Grégoire : « Lui c’est moi, moi c’est lui »

Il m’accompagne partout. On boit des canons ensemble, on se réserve des restaurants aux chandelles, des soirées cinémas, on part en voyage. Chaque fois que je le regarde, je me perds dans ses lignes, ses formes si particulières, semblables à mille petits yeux qui me scrutent et gentiment me surveillent. Lui, c’est moi. Moi, c’est lui. Il est ma garantie de pouvoir vivre sereinement, mon alter ego, mon double, mon identité sociale. À ses côtés, je gagne le respect de ceux qui m’entourent et que je ne connais pas. À ses côtés, je deviens sain aux yeux des autres. Lui, c’est mon Passe QR. Du moins, c’est celui que j’utilise, car il se dit qu’on peut simuler en avoir un. Mais de cela, vous n’en saurez rien, c’est ma vie privée. Cela ne nous regarde pas.

Antonin : « Même les loubards n’y résistent pas »

Terrasse d’un café, Annecy, août 2021, 16h23. Quatre motards sont attablés, apparemment pour des retrouvailles. De vrais motards, de cuir vêtus, barbus. Impressionnants, à la limite de faire peur. Mais, comme souvent, les apparences sont trompeuses : ils commandent des perriers et un Monaco, et s’exécutent comme des agneaux lorsque la serveuse leur demande leur passe sanitaire. Ils sortent leurs petits papiers froissés, sur lesquels figurent les précieux QR code. La serveuse scanne les papiers. Et là c’est le drame :

  • « Désolé madame, dit-elle à la seule femme du groupe, mais votre test PCR a plus de 48h. Je ne peux pas vous laisser rester. Votre passe n’est plus valide.
  • Mais enfin, c’est pas possible, je l’ai fait avant-hier ! 
  • Oui, avant-hier à 16h, il est 16h25 là… »
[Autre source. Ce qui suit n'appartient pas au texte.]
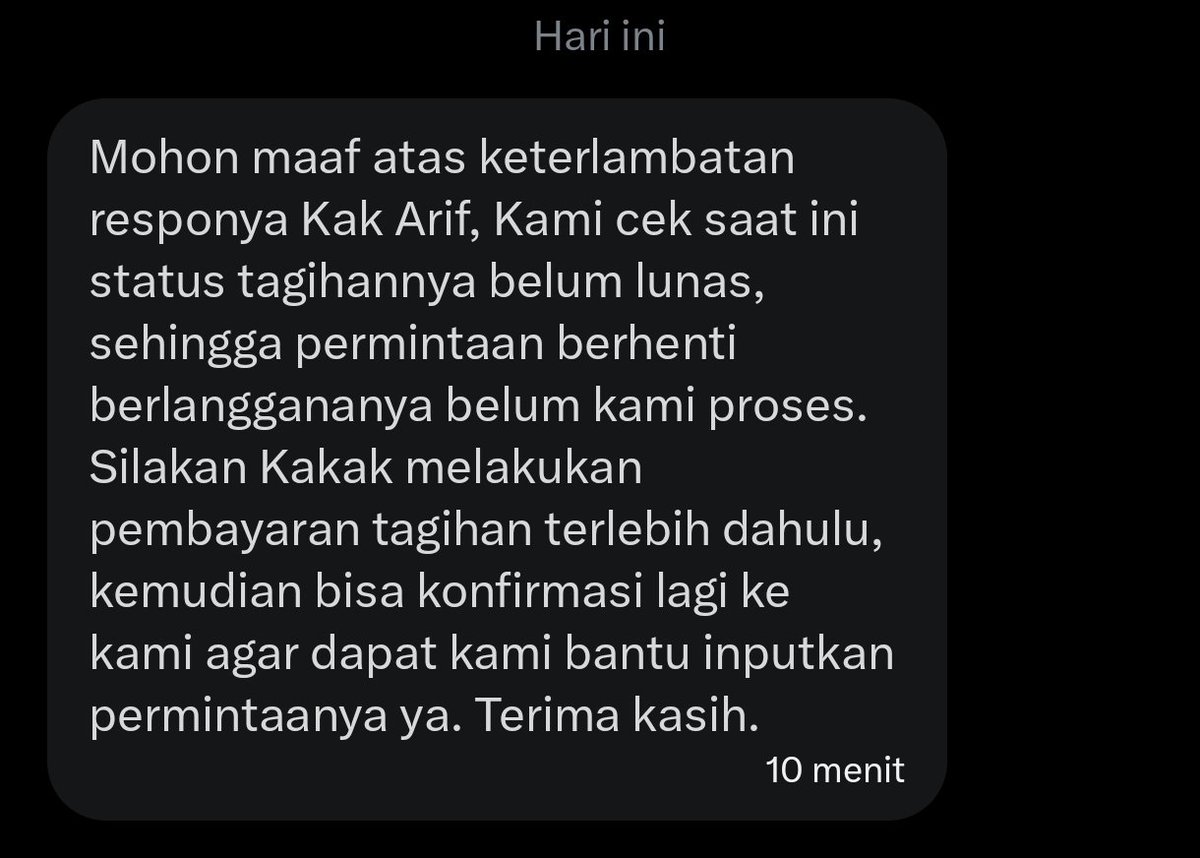 arifsuw's tweet photo. @IndiHome Arahan yg kalian berikan cuma pesan template yg tidak memberi penjelasan atau penyelesaian masalah.
Itu balasan dari cs kalian yg tidak berfungsi. Silahkan jawab disini pertanyaan yg saya ajukan sebelumnya. "Kenapa pengajuan saya ditunda lebih dari 1 minggu?" https://t.co/UYbLt0m54S
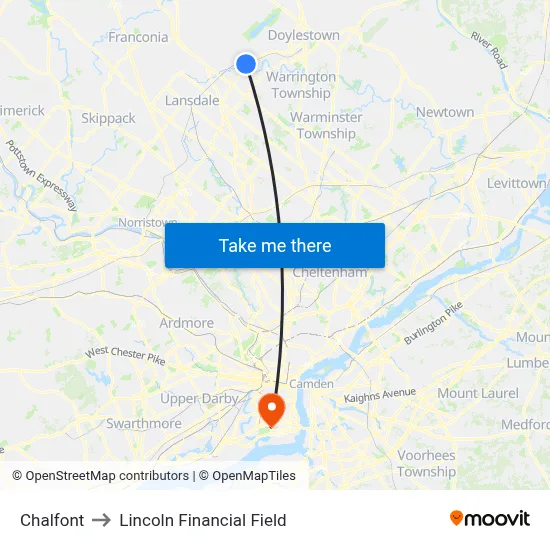 Chalfont to Lincoln Financial Field map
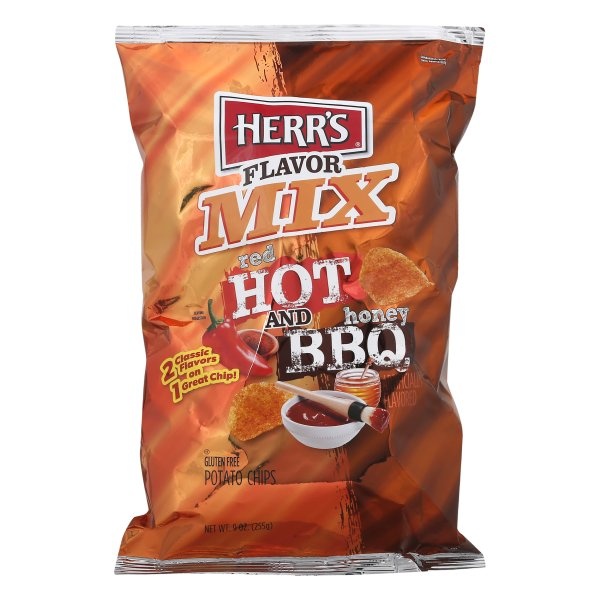slide 1 of 1, Herr Foods Inc. Hot & Honey Bbq Flavor Mix Potato Chips, 9 oz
Mine dépitée des loubards, mais ton toujours cordial. « Vous êtes surs qu’il n’y a pas moyen de s’arranger ? On prend juste un petit verre et on s’en va. »

Pas moyen, la serveuse ne veut pas prendre de risque. Elle a peur. « Vous comprenez, si on est contrôlés en ayant servi quelqu’un qui n’a pas son passe, on doit fermer ! ». Sans broncher, les camarades se lèvent et partent, l’air triste, à la recherche d’une bonne âme qui voudra bien les accueillir. Plus de place pour les relations humaines, ni pour le dialogue. C’est la loi du scanner. Bip vert tu rentres, bip rouge tu sors. 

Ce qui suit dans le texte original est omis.